Konstantina Sozou-Kyrkou was born to and raised by a family of retailers and farmers in a small mountainous village in western Greece. When she was seventeen she moved to Athens for university studies and then, after studying various subjects (from business administration to painting, from drama to ESL teaching) and changing job several times, she settled into working as an ESL teacher at language institutes and tutoring at home, got married and gave birth to two kids. She’s been living in a southern suburb of Athens since then, still teaching English while being a busy mother and a homemaker, always mulling over ideas for stories to be put down on paper, to be given the breath of ‘life’, and (hopefully) to be able to challenge and entertain readers.
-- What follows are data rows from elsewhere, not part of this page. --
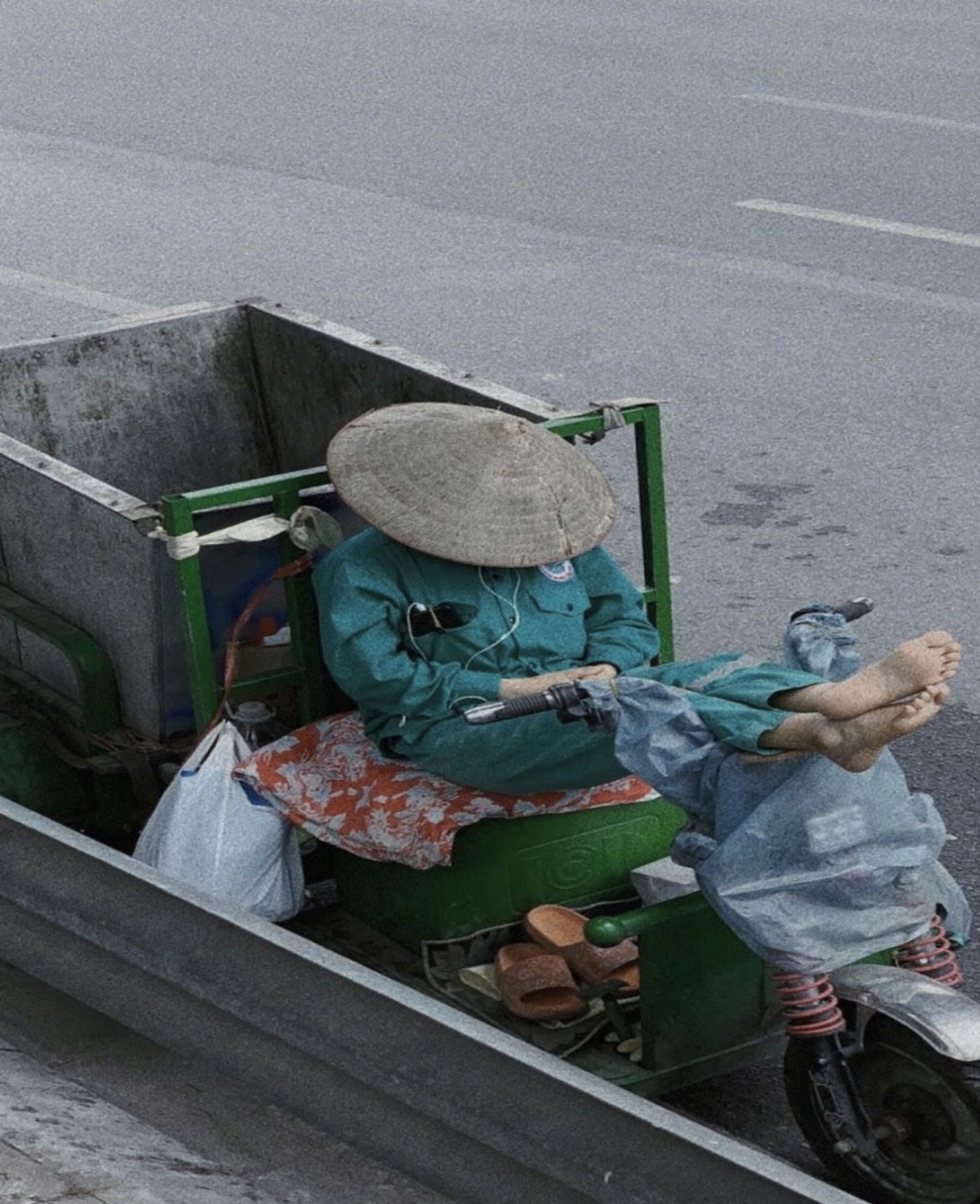 Cô Lan tranh thủ ngả lưng trước khi về nhà làm công việc khác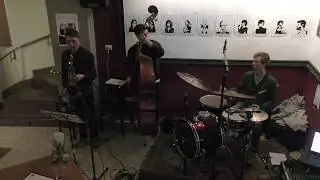 THREEAMISU - ALLEIN DAHEIM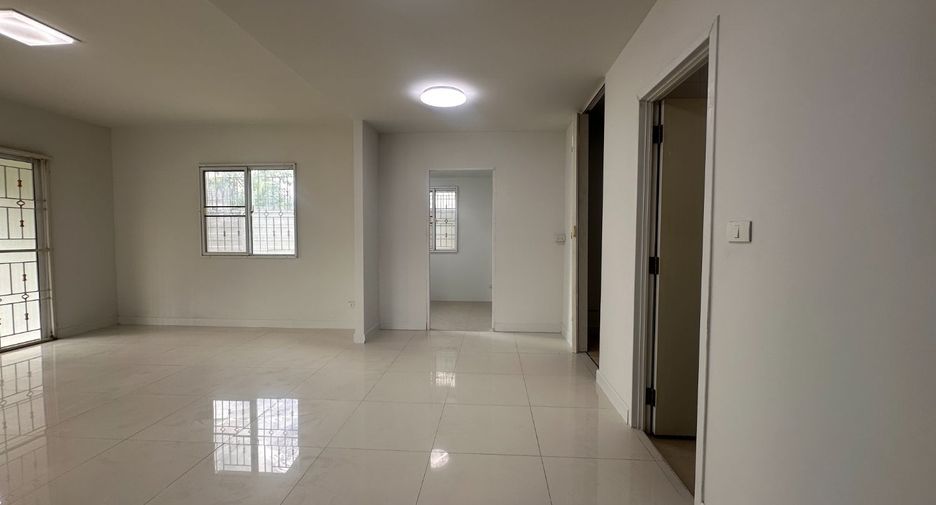 Продажа 3 спальни дом в Mueang Chon Buri, Чонбури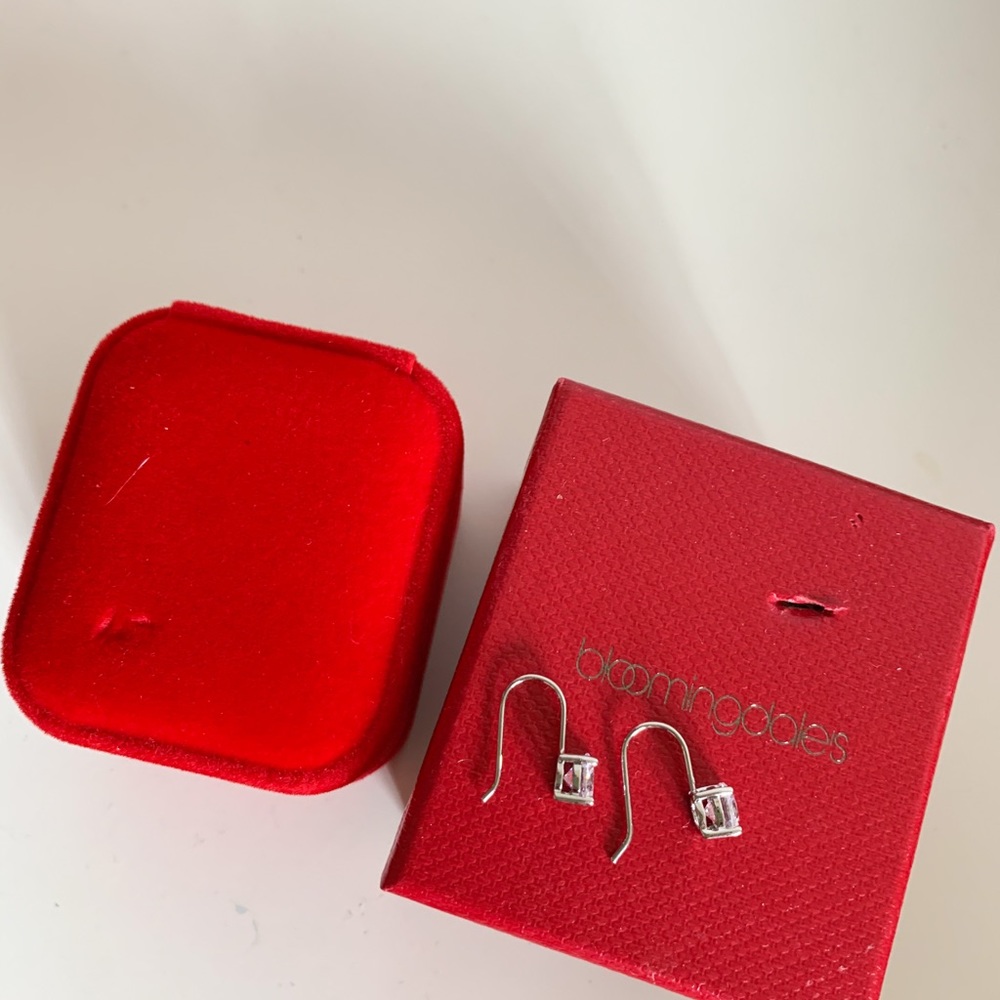 Drop earrings - Picture 3 of 3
Konstantina first started writing short stories while taking a course for her BA (Hons) Literature with the Open University, which stirred her into doing an MA (Creative Writing) with Lancaster University. She is now writing in both English and Greek, and though this may sound eerie, whenever she translates a particular story written in one language into another, the end product may differ surprisingly, as language itself leads her to different paths each time. Her stories have been published online and in print in several literary magazines and anthologies, while some have won competitions (in both languages), the most recent one being her story Feta and Watermelon, which was published in The Dummies’ Guide to Serial Killing. She also published her first short story collection Black Greek Coffee with Troubadour, which is her first effort to capture women’s and children’s inferior position in a twentieth-century male-dominated society in rural Greece, based on personal experience and stories she’s heard from relatives and friends.
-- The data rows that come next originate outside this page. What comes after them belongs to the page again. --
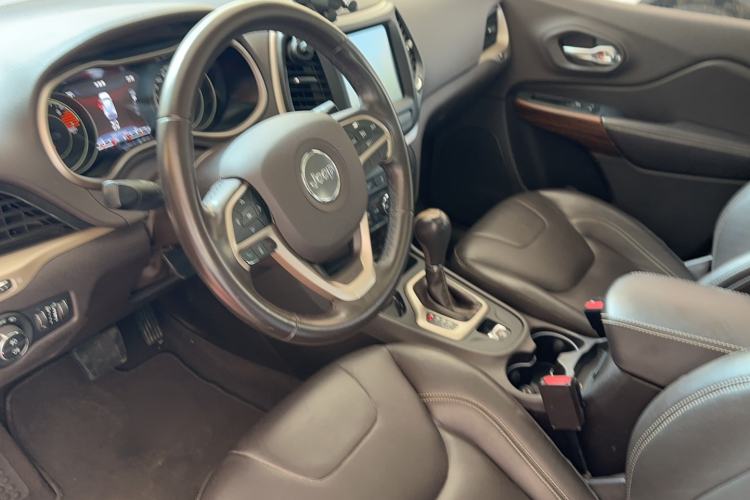 Used Jeep Cherokee 2016 2.0L Superior Edition Interior 6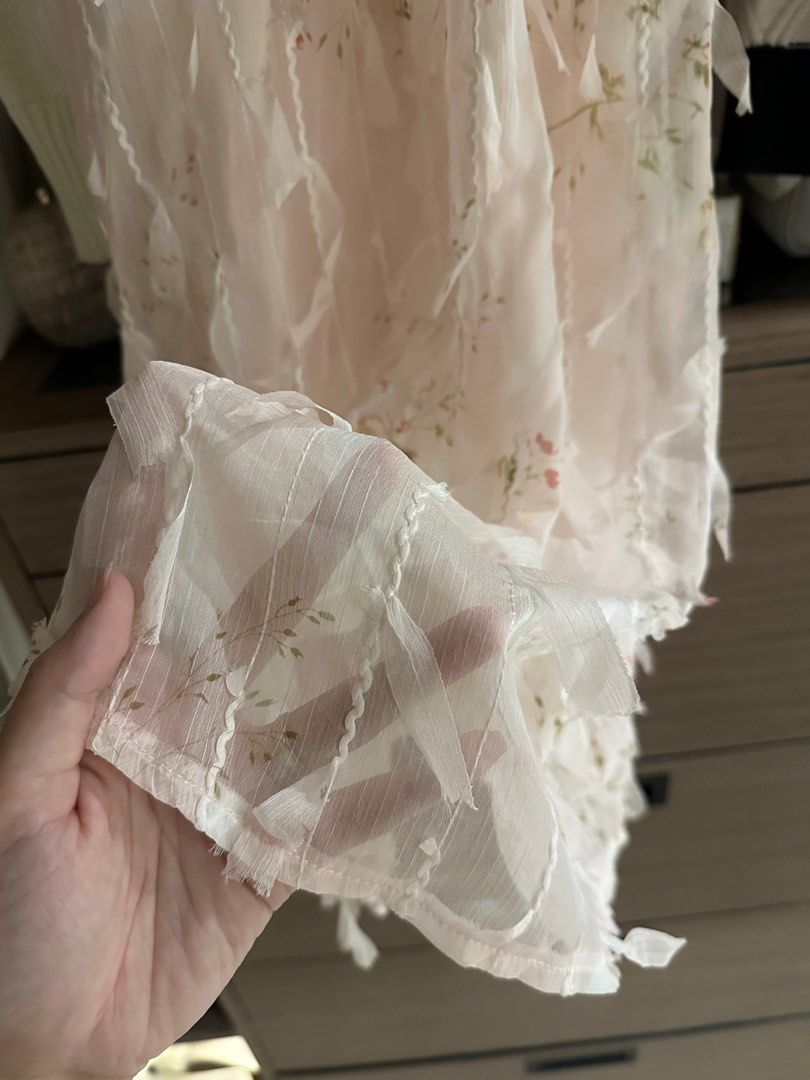 Flowy Dress (Category: Dresses) located in Baguio. Submitted by kimstyleessentials (Listing ID 1250591277, Image 2). Description: This is perfect to use for beach trips its light and flowing Can fit Small - Large frame.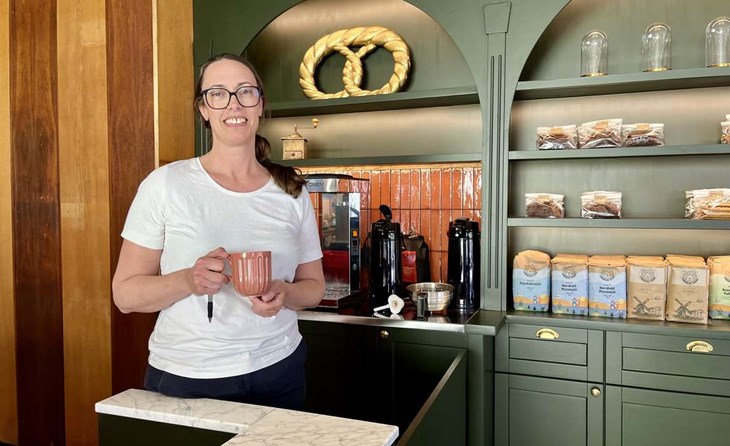 Carina Carlström med kringlan med koppling till Slottets bageri. Den är en gåva från en kär stamkund och ska så småningom ut och hängas upp. Foto: Johan Jönsson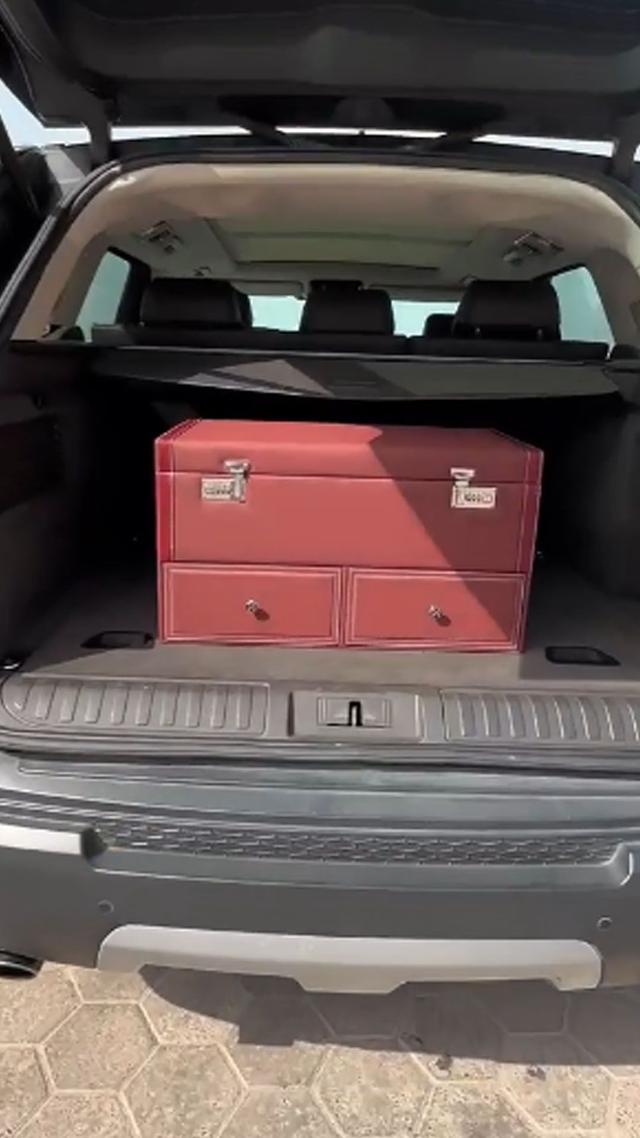 Portable and Multi-Use - Car Organizer Box - Made of High-Quality Leather - Waterproof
In On the Shelf, a carer at a Greek nursing home delivers vigilante justice to her patients’ relatives.

Enjoy!

On the first Sunday in November, at six o’clock sharp, as visiting hours at the retirement home ‘Peace’ begin, kyra Efthalia’s daughter arrives. She works as an administrative assistant at the hospital of Patras, two blocks down the street, but she usually visits once a month. She’s wearing a plasterboard-starched beige suit and bright red stilettos, which look like Easter eggs at the back. She sits across from her mother, calves crossed, fingers knitted, face tense, glistening like plastic. Her smile square, full of big dice-like teeth, as if stuck to her face with tape. I greet her and stretch my lips into the most approximate version of a cordial smile.Read more…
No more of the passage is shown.